Print, word for word, the opening line of the data below and every line after it through the line that contains "лара | персонаж", but not the pictures.

Given data:
☆ ☆ ☆
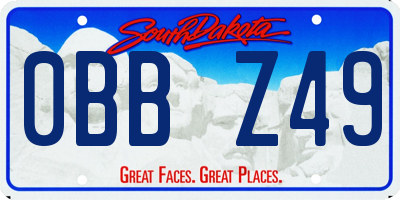 SD license plate 0BBZ49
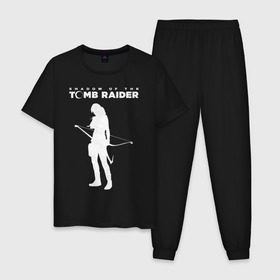 Мужская пижама хлопок с принтом Tomb Raider LOGO в Санкт-Петербурге, 100% хлопок | брюки и футболка прямого кроя, без карманов, на брюках мягкая резинка на поясе и по низу штанин
 | воительница | женщина | игра | крофт | лара | персонаж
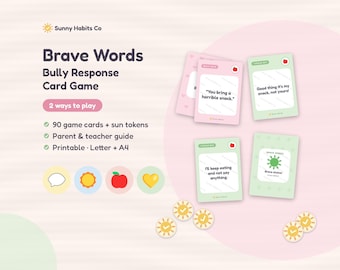 Puede incluir: Juego de cartas Brave Words Bully Response de Sunny Habits Co que incluye 90 cartas, fichas de sol y una guía. Las tarjetas muestran textos como You bring a horrible snack, Good thing it's my snack, not yours e I'll keep eating and not say anything.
☆ ☆ ☆
Solution to this exercise:
 SD license plate 0BBZ49
 Мужская пижама хлопок с принтом Tomb Raider LOGO в Санкт-Петербурге, 100% хлопок | брюки и футболка прямого кроя, без карманов, на брюках мягкая резинка на поясе и по низу штанин
 | воительница | женщина | игра | крофт | лара | персонаж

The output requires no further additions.